Maren Schüle recorded more than 140 plant species in total. On average, the researcher found eleven species per sample circle on those forest areas that had been spared from the fire. More than twice as many, 26 on average, she found on the burnt areas. Some species occur now that depend on fire. “In the first year, the mycologists found over 40 species of fungi that only occur on burn places,” Heinken explains. “Among them are some that were recorded for the first time in Brandenburg.”
From pine forest to mixed forest
“The pine is a tree species that burns relatively quickly,” says Schüle. Pine monocultures are widespread, especially in Brandenburg because they grow quickly, are competitive on the nutrient-poor and sandy soils and have low water requirements. But for a more resilient forest, a good mix of deciduous and coniferous trees is needed. “We are not yet certain about which tree species will cope best with the new climate conditions,” Heinken knows. “Probably a mix of many different species is most advantageous, but a lot of testing and trying will be necessary.”
Over the next four years, the researchers will continue to document in detail which species are colonizing the burnt areas, how long it takes for trees to grow back to size, whether it makes sense to clear the areas of dead wood or whether it is better for new growth to leave the burnt tree remnants standing and lying. Ultimately, the question is: How can we create a resilient forest that can withstand fires and better recover from them? “We want to capture the overall picture, bring together the multitude of data, and ultimately provide a meaningful handout for an economically and ecologically sound management of Brandenburg’s pine forests,” says Heinken.
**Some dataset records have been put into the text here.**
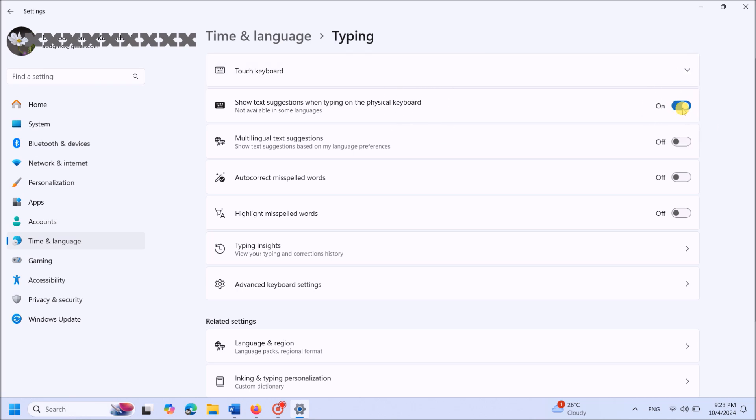Also turn on the option for multilingual text suggestions.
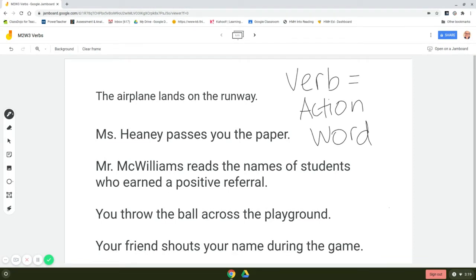Let's look at our first sentence together. The airplane lands on the runway. Which one of these words can you act out because it is an action word? Lands is a word that we can act out because it is an action word.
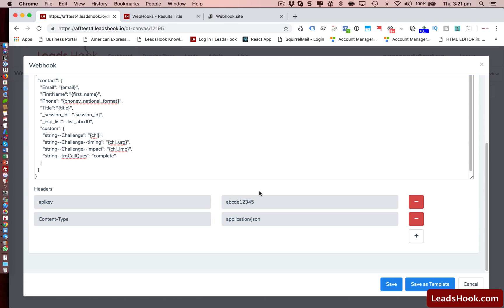So I hope that gives a good overview of how to go about setting up webhooks. And if you have any questions, as always, please email us at help at leads hook.com. Thank you, and bye for now.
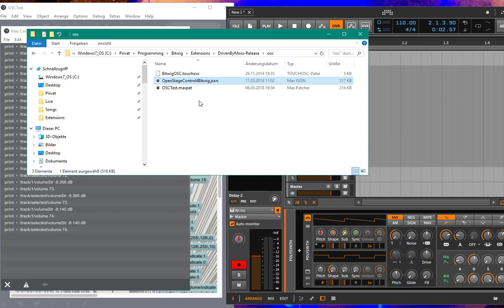So much for the OSC protocol for today. And stay tuned for a deeper introduction into using this OSC interface in Bitwig with OpenStageControl. Bye.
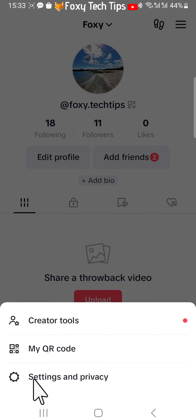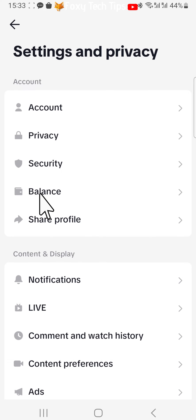Then select Settings and Privacy. In settings, tap on Balance.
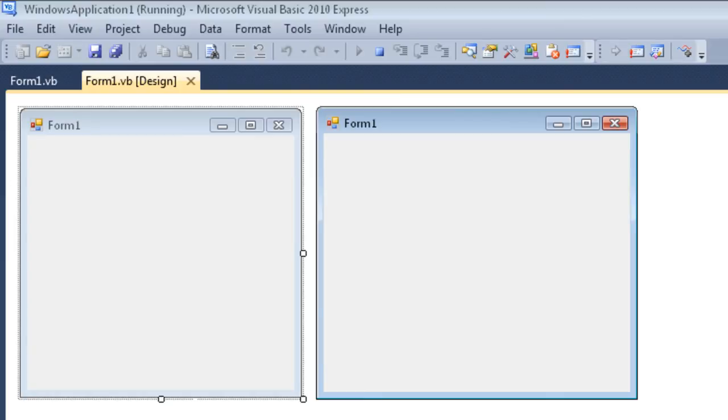Now where's the code for all of that? Because I certainly didn't write that code. Well, the answer is it kind of comes with form1.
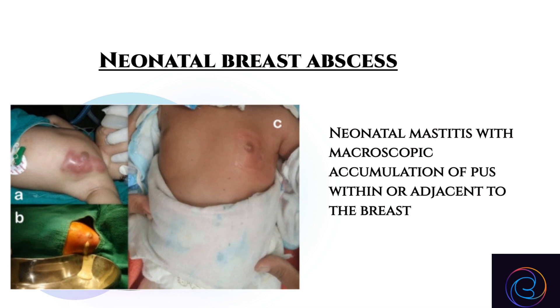Neonatal breast abscess refers to neonatal mastitis with macroscopic accumulation of pus within or adjacent to the breast.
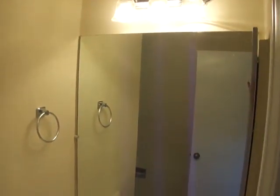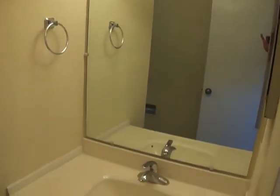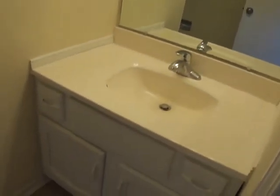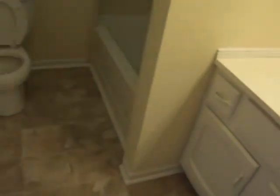Master bath. Vanity. Toilet. And that's it for 2300 Leslie Brook Drive.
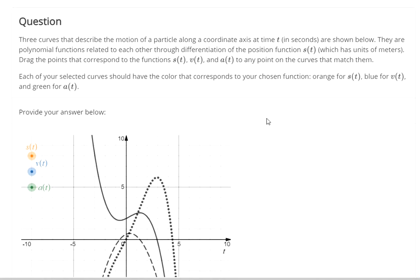The basic idea behind this problem is that there is a location function, a velocity function, and an acceleration function. In case those ideas are new for you in calculus, which they probably should be if this is your first semester calculus course, velocity is the derivative of the location function.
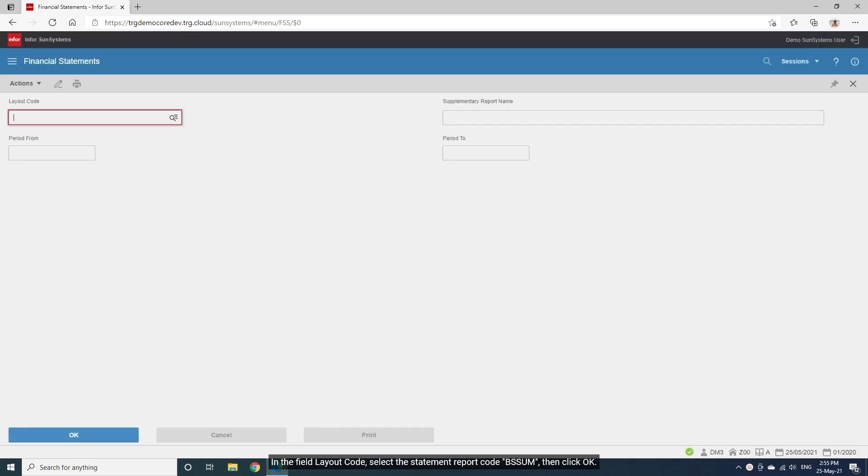In the field Layout Code, select the statement report code BSSUM, then click OK.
He is convinced that, “The Scots pine will always have its place in Brandenburg – at extreme locations, but also as a pioneer tree species.”
The collaborative project “Strategies for the development of pyrophobic and climate-resilient forests on forest fire areas” (PYROPHOB) investigates how forests can become more resistant to fire and climate change.
Project coordinator: Eberswalde University for Sustainable Development / Center for Econics and Ecosystem Management
Participants: Eberswalde University for Sustainable Development (HNEE), University of Potsdam, Brandenburg University of Technology Cottbus- Senftenberg (BTU), Eberswalde Forestry Research Institute of the State of Brandenburg (LFE),Institute of Forest Genetics (TI-FG), Senckenberg German Entomological Institute (SDEI), Natural Forest Academy, Brandenburg Wilderness Foundation
Funding: Federal Ministry for Food and Agriculture (BMEL), Agency for Renewable Resources (FNR), and the Federal Ministry for the Environment, Nature Conservation and Nuclear Safety (BMU) within the framework program Forest Climate Funds
Project period: 2020 - 2025
PD Dr. Thilo Heinken studied biology in Göttingen. Since 2002, he has been researching at the Institute of Biochemistry and Biology of the University of Potsdam. The vegetation ecologist is an expert for pine forests.
Maren Schüle studied ecology, evolution, and nature conservation at the University of Potsdam. Since 2020, she has been a PhD student in the research project PYROPHOB.
Dr. Arlena Brosinsky studied landscape ecology in Münster. Since 2016, she has been research assistant at the Chair of Hydrology and climatology of the University of Potsdam and is the expert for remote sensing in the PYROPHOB project.
This text was published in the university magazine Portal Wissen - Zwei 2021 „Aufbruch“ (PDF).